Human Rights Watch has come under fire recently, accused of bias, an excessive focus on one country, lacking credibility and impartiality and even promoting terrorism.
"HRW [has] no credibility," says a cabinet minister. "Human Rights Watch is at our throat again," complains a newspaper editorial, "singling out" the country. A ruling party spokesman says a report on Gaza lacks "objectivity and impartiality." A government Web site claims Human Rights Watch is adopting "a Goebbelsian approach" and "repeat[s] lies about the country, its government and people as often and as long as possible to make the world believe it is the truth."
Those complaints might sound familiar to anyone who's followed the Netanyahu government's campaign to discredit Human Rights Watch (and anyone else who reports on Israeli abuses.) The Prime Minister's Office has questioned HRW's methods and motives, falsely accused it of taking Saudi government funding and even of working on behalf of Hamas.
But the quotes above come from very different sources: Syria, Gulf News of the United Arab Emirates, Hamas and Sri Lanka.
It's unusual for governments to welcome HRW's reporting on their human rights violations, although many conscientious officials modify laws and behavior once abuses have been publicized. And it's easy to dismiss the knee-jerk reaction of governments when they try to shoot (or smear) the messenger.
But HRW also grapples with fair-minded critiques. Many ask, how we can rely on witness testimony when two sides are locked in combat - how we can believe accounts of abuses committed by the enemy? And how will we learn of abuses by their own side? The answer is by taking the interviewing process very seriously, conducting multiple, lengthy interviews in private, collecting details to corroborate or dismiss the statements and weighing all evidence, whether it supports or undermines that testimony.
HRW makes a point of seeking out as many viewpoints as possible - including that of military forces, government officials and alleged perpetrators.
Sometimes they refuse to meet with us - as is the position taken by the Netanyahu government.

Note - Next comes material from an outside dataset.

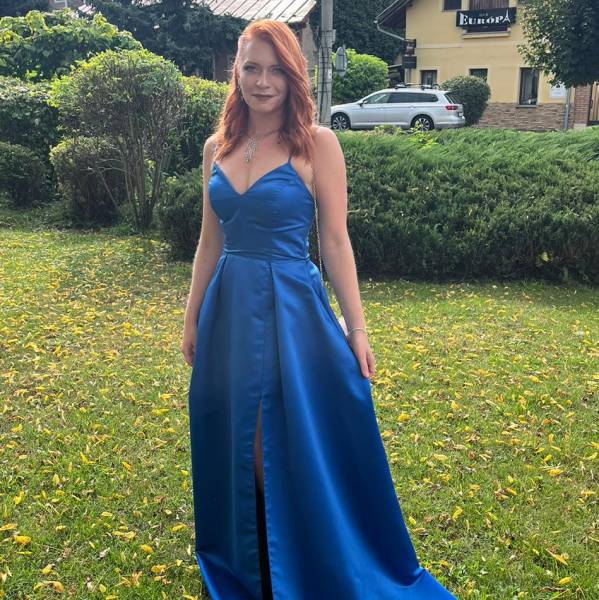 modelka s ID 0102ZP4GUU p031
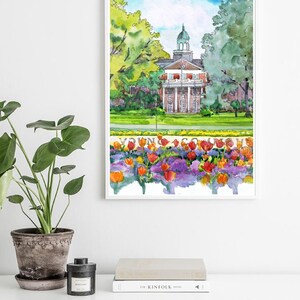 K&ouml;nnte beinhalten: Ein Aquarellbild eines Backsteingeb&auml;udes mit einem wei&szlig;en S&auml;ulenportikus und einer gr&uuml;nen Kuppel. Das Geb&auml;ude ist von B&auml;umen und Blumen umgeben. Der Text "Young Commons" ist vor dem Geb&auml;ude geschrieben.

We have met the IDF in the past to seek information, explain our findings and discuss recommendations. But since Operation Cast Lead we have had no response to our questions, despite repeated requests for information or meetings, just dismissal of our reports as biased or misinformed, complaints that we do not reflect the government's point of view and pleas that we trust Israeli officials to investigate themselves.
But those investigations have yet to determine why so many Palestinian civilians were killed in Operation Cast Lead. It is understandable that many Israel supporters would rather believe the Netanyahu government: Threatened by Hamas (and Israel's other enemies), they rely on the government for protection. Yet ignoring IDF abuses doesn't make them disappear or make Israel any safer. Human rights abuses fan resentment and resistance, perpetuating violence.
The diversionary arguments aren't novel, such as the claim that HRW shouldn't investigate Israel's behavior because others are worse or because Israel is a democratic society. The Gulf News thinks HRW should lay off the UAE because it is an "open society," as if abuses by open societies are unknown - a logic by which we should also have ignored the Bush administration's torture and detention without trial.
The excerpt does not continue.